Biogone’s unique organic additive is inert and added in a very small amount. It does not change the properties of the plastic for any product design considerations and means the product manufacturers can use the additive to make biodegradable versions of their products without having to change any of their machinery.

Also, this means the plastic is fully mainstream recyclable and has the same recyclable properties as conventional plastics. The other features of Biogone’s landfill-biodegradable plastic include:

  • Strong and durable like conventional plastics.
  • Have a food-grade rating.
  • Biodegrade to a humus-like material (organic matter) which is a natural plant fertiliser and a biogas.
  • Does not fragment to microplastics.
     

The entire Biogone product range is highly functional and has been handpicked from worldwide sources to offer the best landfill-biodegradable packaging and shipping materials in the market.

According to Dr Ross Headifen, co-founder of Biogone, “With each product we create, we are aiming to reduce the plastic build-up in landfills. Incorporating Biogone landfill-biodegradable technology is like an insurance policy that will allow the plastic to biodegrade away when it is eventually disposed to a landfill and the waste can be converted to energy.”

Unlike metal, plastic cannot be mechanically recycled time and time again. After the plastic has been recycled two to three times, its properties are so compromised it needs to be blended with virgin material or discarded.

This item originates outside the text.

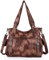 ZOCAI AngelKiss Handtasche Damen Schultertasche Multifunktionale Umhängetaschen Gewaschenes Veganes Leder Wasserdicht mit Reißver Schlusstaschen Reißverschlusstasche (Braun 4)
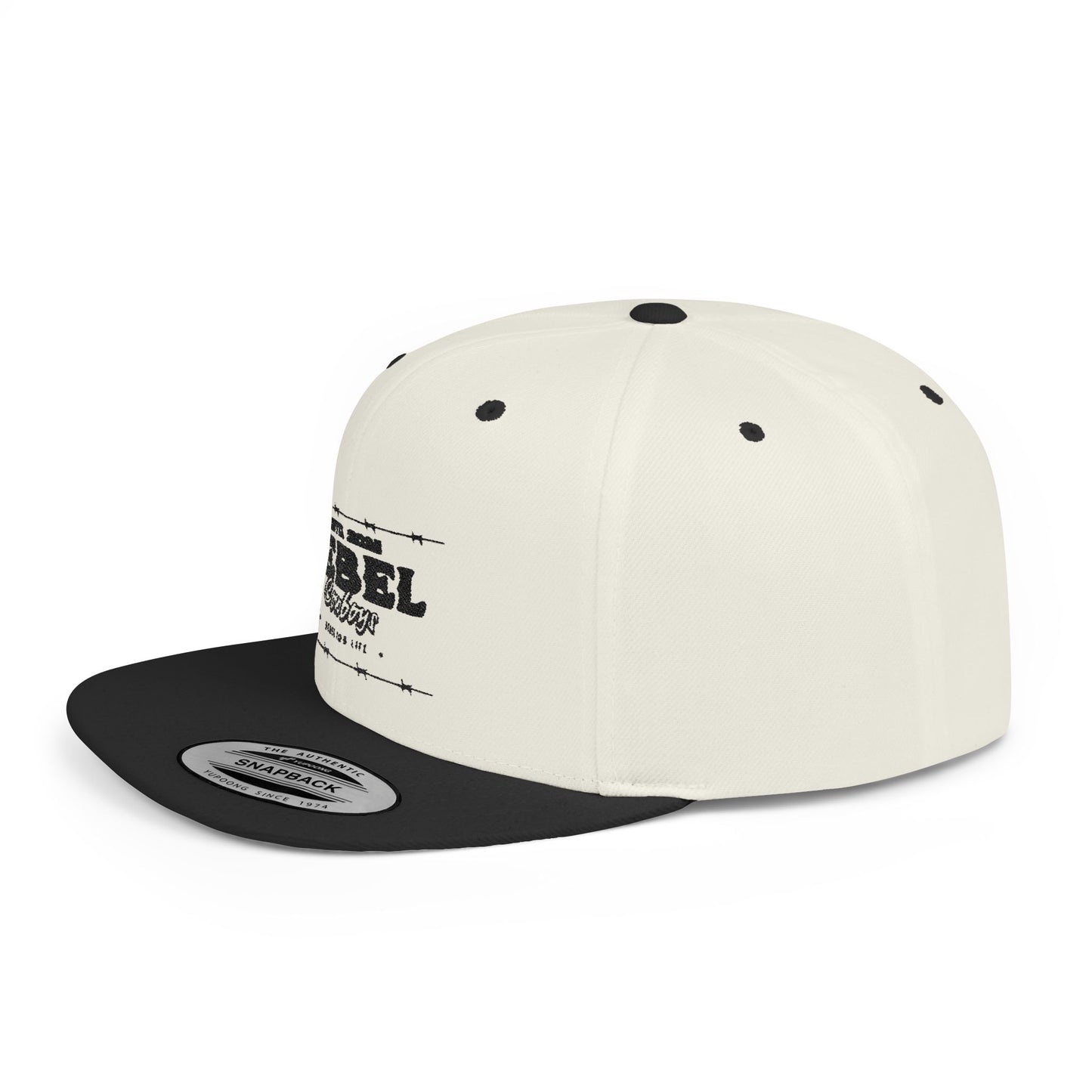 Rebel Snapback Hat, Trendy Flat Bill Cap, Urban Style Hat, Gift for Him, Casual Fashion Accessory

The current rate of plastic recycling in Australia is approximately 13%, which means more than 85% is ending up in landfill and generating plastic waste. The 2025 National Packaging Targets for plastic are aimed at significantly increasing this recycling rate. These targets will require significant industry changes and substantial new infrastructure to collect and reprocess the used plastic. All of these factors mean there is still going to be a lot of plastic waste for many years to come until we have a complete and functional circular economy. Having the Biogone additive goes that one step further, allowing them to be recycled when practical, and it also provides a backstop to allow them to biodegrade away when disposed to a landfill circulating its embodied energy.